• _Data for review_:
━━━━━━━━━━━━━━━━━━━━
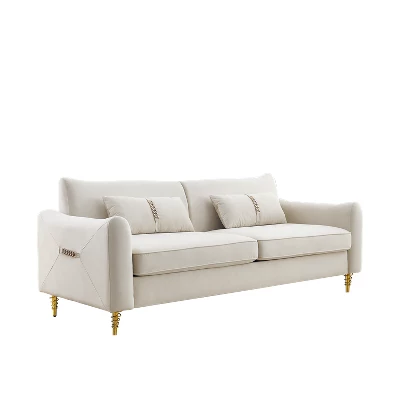 80.3" Modern Velvet Tufted Sofa With 2 Pillows And Gold Legs - ModernLuxe - Image 4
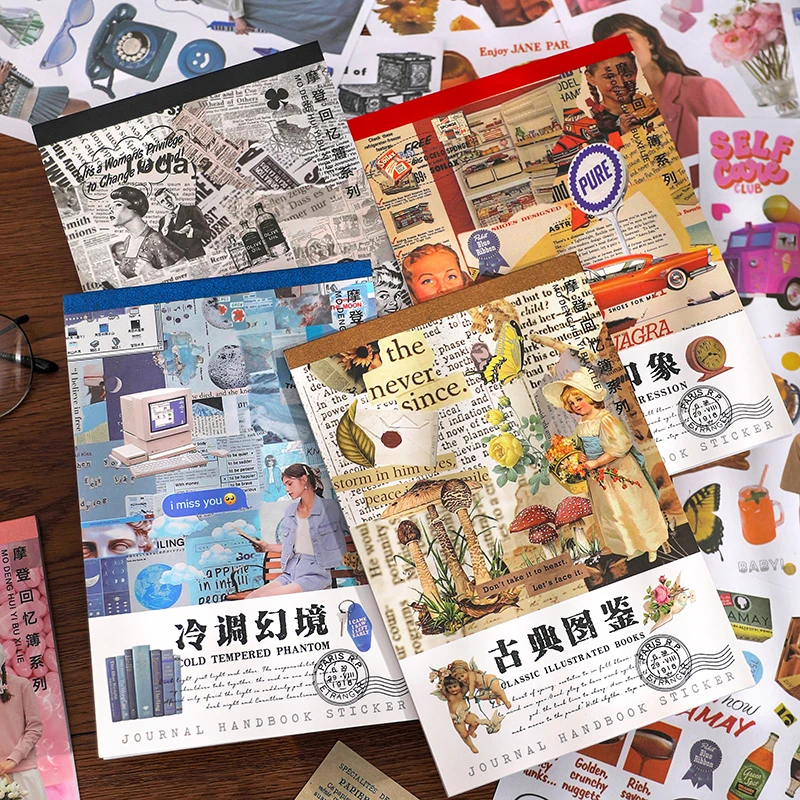 

Decor 20sheets/pack Vintage Washi Stickers Book for Deco Scrapbooking DIY Creative Stationery Junk Journal Deco Label Sticker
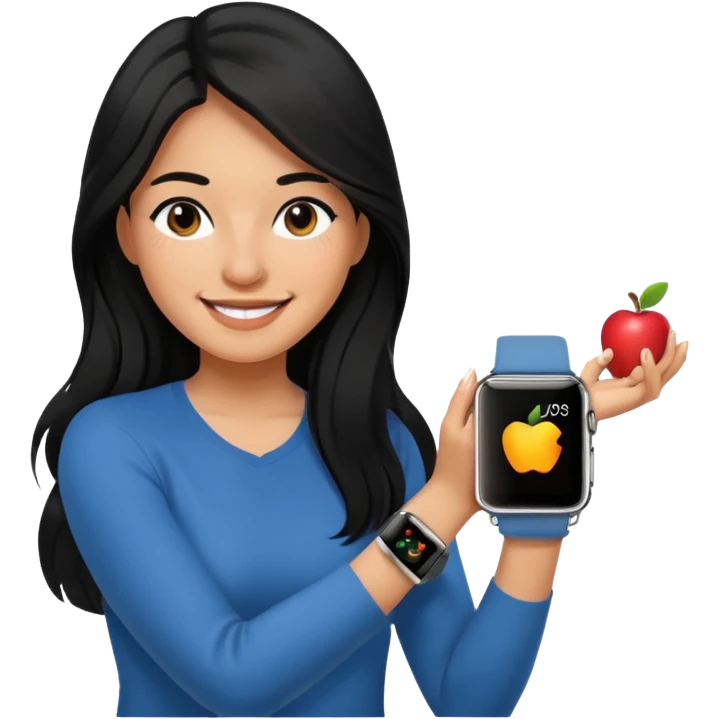 mujer cabello negro largo con apple watch en su muñeca emoji
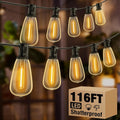 litogo 116FT Patio Lights Waterproof LED String Lights - Soft White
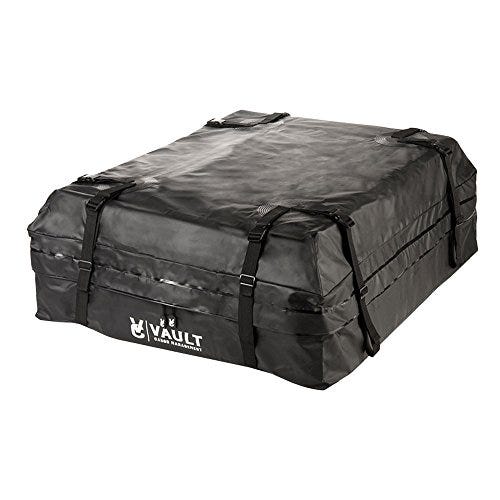 Roof Rack Cargo Carrier Storage Roof Bag by Vault Cargo – On top of Car Bag - Straps to Crossbars or a Roof Basket - Waterproof Carrier Bag Has 15 Cubic Feet of Capacity – Fit for the Outdoor Elements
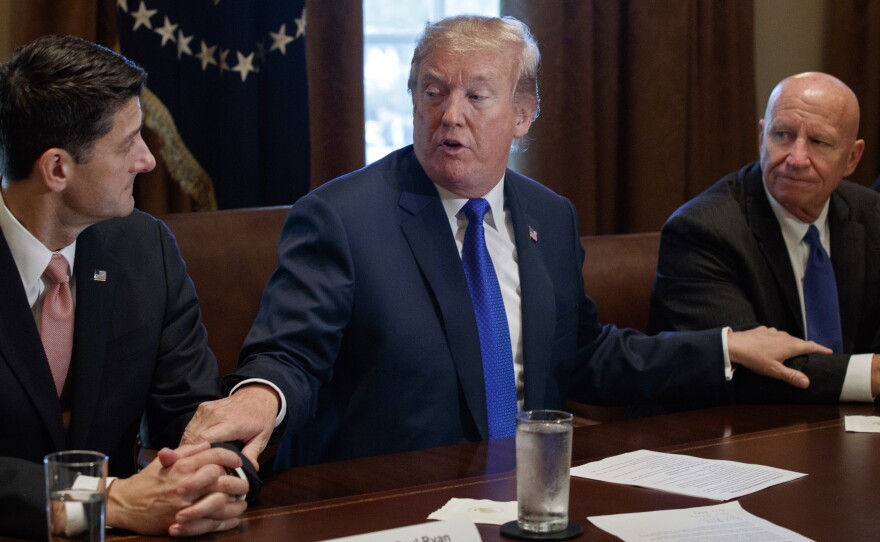 President Trump speaks during a tax policy meeting last November with House Speaker Paul Ryan and Ways and Means Committee Chairman Kevin Brady.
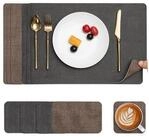 LuxusKollektion Platzset Tischsets Abwaschbar Kunstleder Rutschfest Grau Braun...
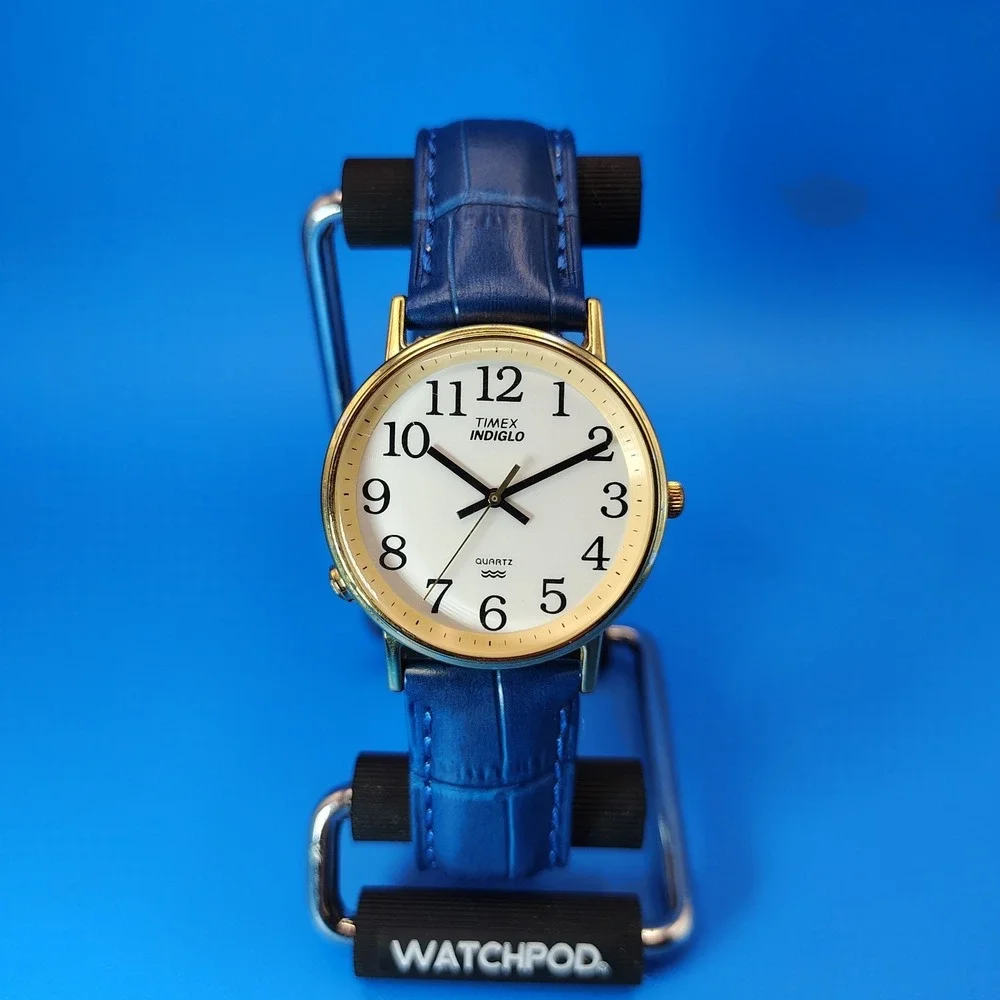 Vintage 1997 Timex 34mm Mens Quartz Dress Watch New Strap Restored (No Indiglo!)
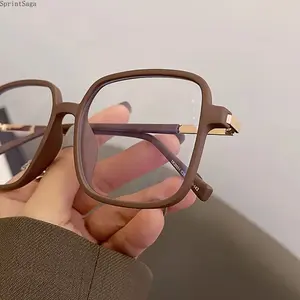 Fashion women's matte square glasses - slimming effect, large frame PC material with translucent metal hinge, light and fashionable, suitable for daily use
━━━━━━━━━━━━━━━━━━━━
• _Activity_: Print the listing word for word but skip its pictures.

• _The completed task_:
 80.3" Modern Velvet Tufted Sofa With 2 Pillows And Gold Legs - ModernLuxe - Image 4

Decor 20sheets/pack Vintage Washi Stickers Book for Deco Scrapbooking DIY Creative Stationery Junk Journal Deco Label Sticker
 mujer cabello negro largo con apple watch en su muñeca emoji
 litogo 116FT Patio Lights Waterproof LED String Lights - Soft White
 Roof Rack Cargo Carrier Storage Roof Bag by Vault Cargo – On top of Car Bag - Straps to Crossbars or a Roof Basket - Waterproof Carrier Bag Has 15 Cubic Feet of Capacity – Fit for the Outdoor Elements
 President Trump speaks during a tax policy meeting last November with House Speaker Paul Ryan and Ways and Means Committee Chairman Kevin Brady.
 LuxusKollektion Platzset Tischsets Abwaschbar Kunstleder Rutschfest Grau Braun...
 Vintage 1997 Timex 34mm Mens Quartz Dress Watch New Strap Restored (No Indiglo!)
 Fashion women's matte square glasses - slimming effect, large frame PC material with translucent metal hinge, light and fashionable, suitable for daily use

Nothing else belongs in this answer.